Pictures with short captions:
————
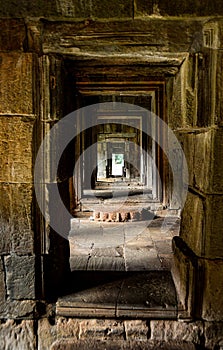 Corridor of one of the rune temples of the Angkor archaeological park.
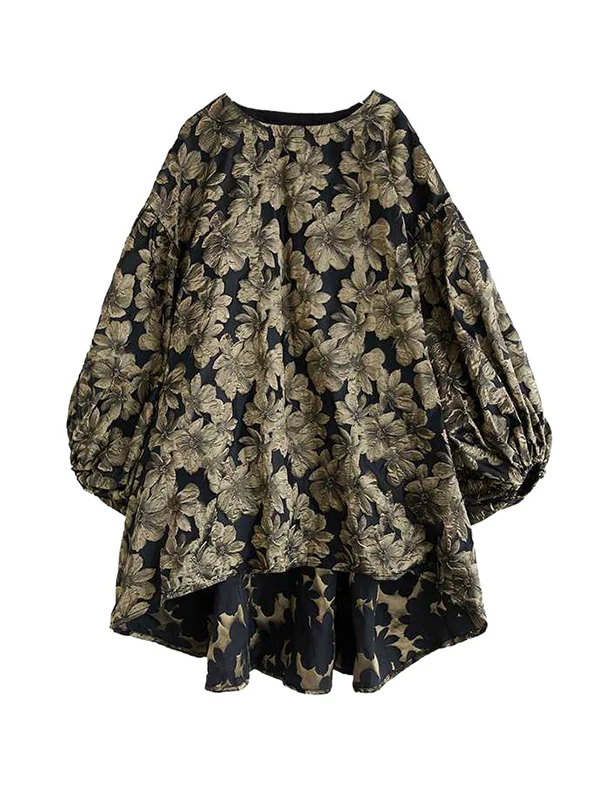 A-Line High-Low Elasticity Flower Print Jacquard Round-Neck Midi Dresses - Image 7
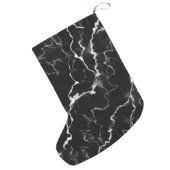 Faux Black Marble Look Custom Pet Photo Template Small Christmas Stocking (Back (Hanging))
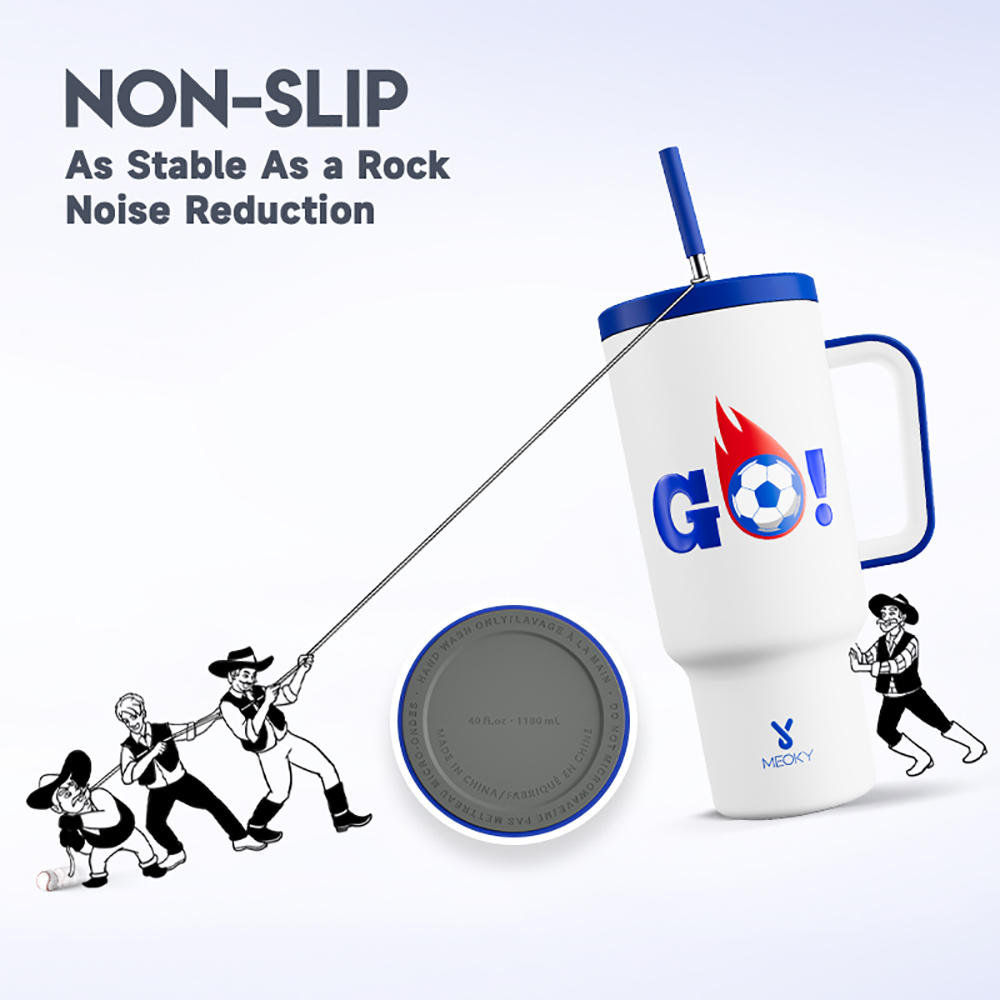40oz Tumbler With Straw Football Collection-White Football
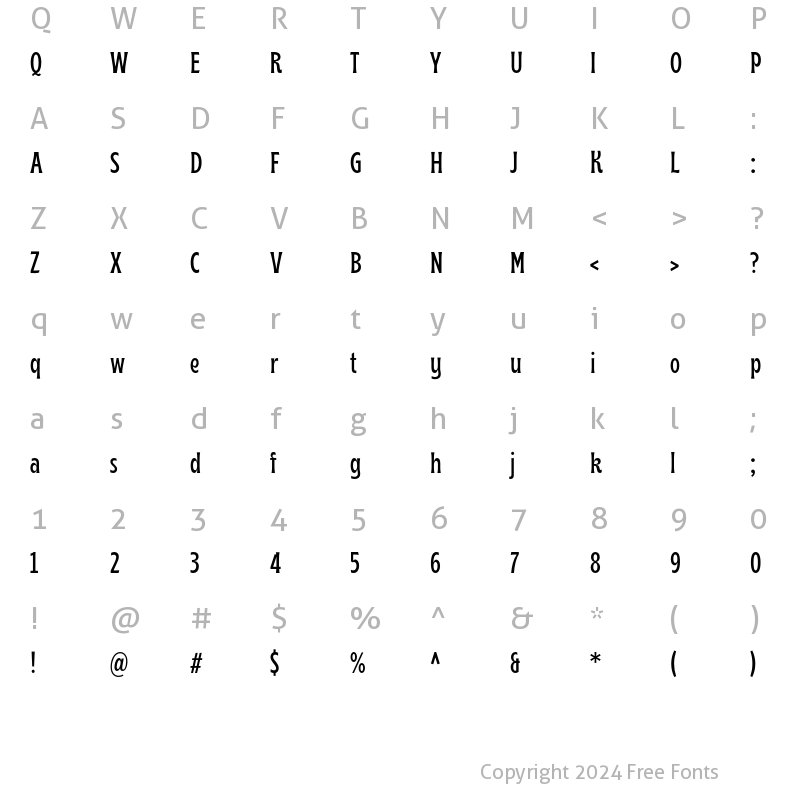 Character Map of Brice SemiBold Condensed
————
DIRECTIONS:
Leaving every picture out, output the data exactly as it stands.

SOLVED EXERCISE:
 Corridor of one of the rune temples of the Angkor archaeological park.
 A-Line High-Low Elasticity Flower Print Jacquard Round-Neck Midi Dresses - Image 7
 Faux Black Marble Look Custom Pet Photo Template Small Christmas Stocking (Back (Hanging))
40oz Tumbler With Straw Football Collection-White Football
 Character Map of Brice SemiBold Condensed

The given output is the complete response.